Records supplied:

*** Begin section ***

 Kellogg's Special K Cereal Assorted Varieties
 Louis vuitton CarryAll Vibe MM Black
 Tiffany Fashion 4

*** End section ***
*** Begin section ***

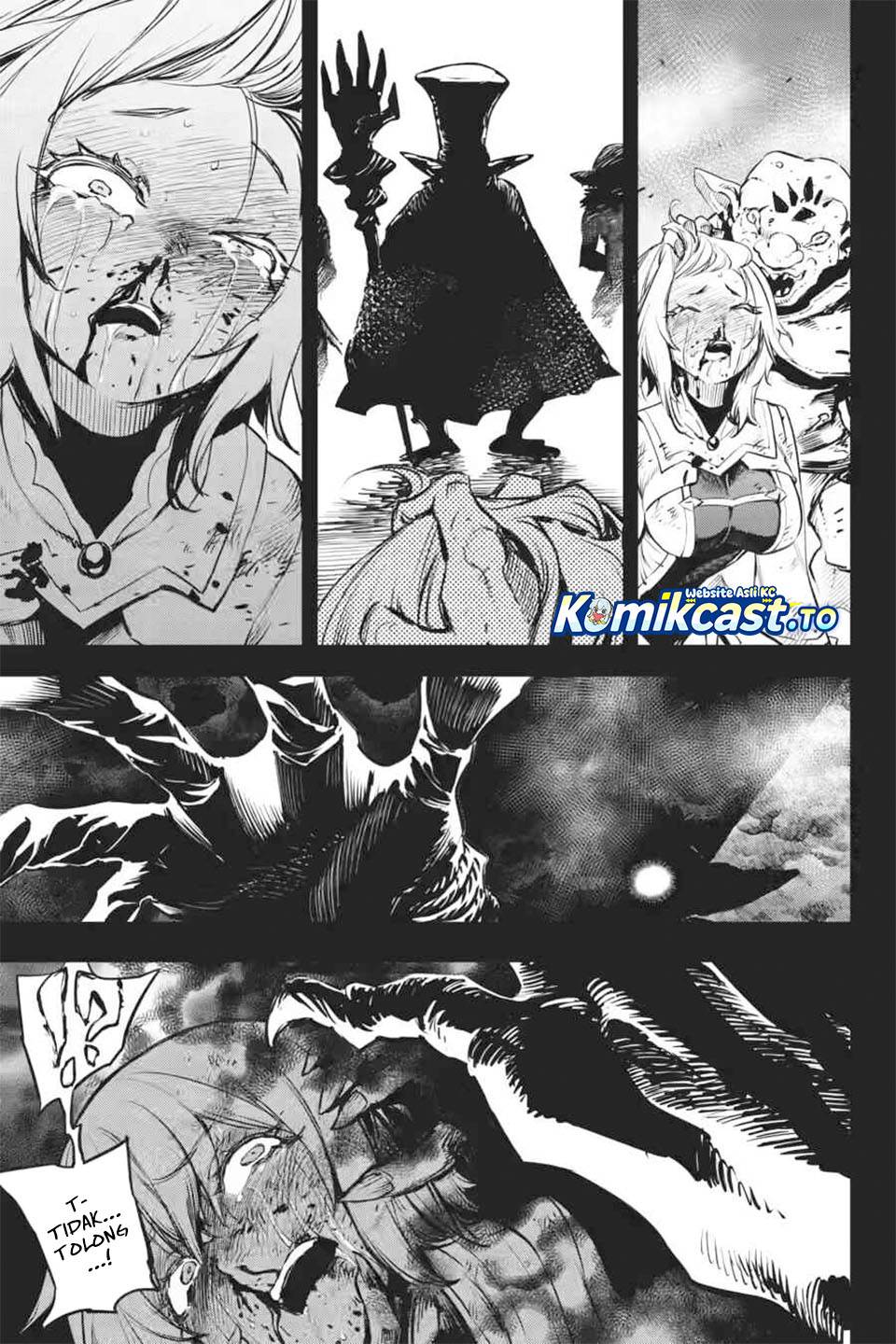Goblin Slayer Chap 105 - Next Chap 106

*** End section ***

Required work:
Extract the lines of the preceding material that run from the line with "Kellogg's Special K" through the line with "Tiffany Fashion 4", inclusive, reproducing them exactly and adding nothing.

Task response:
 Kellogg's Special K Cereal Assorted Varieties
 Louis vuitton CarryAll Vibe MM Black
 Tiffany Fashion 4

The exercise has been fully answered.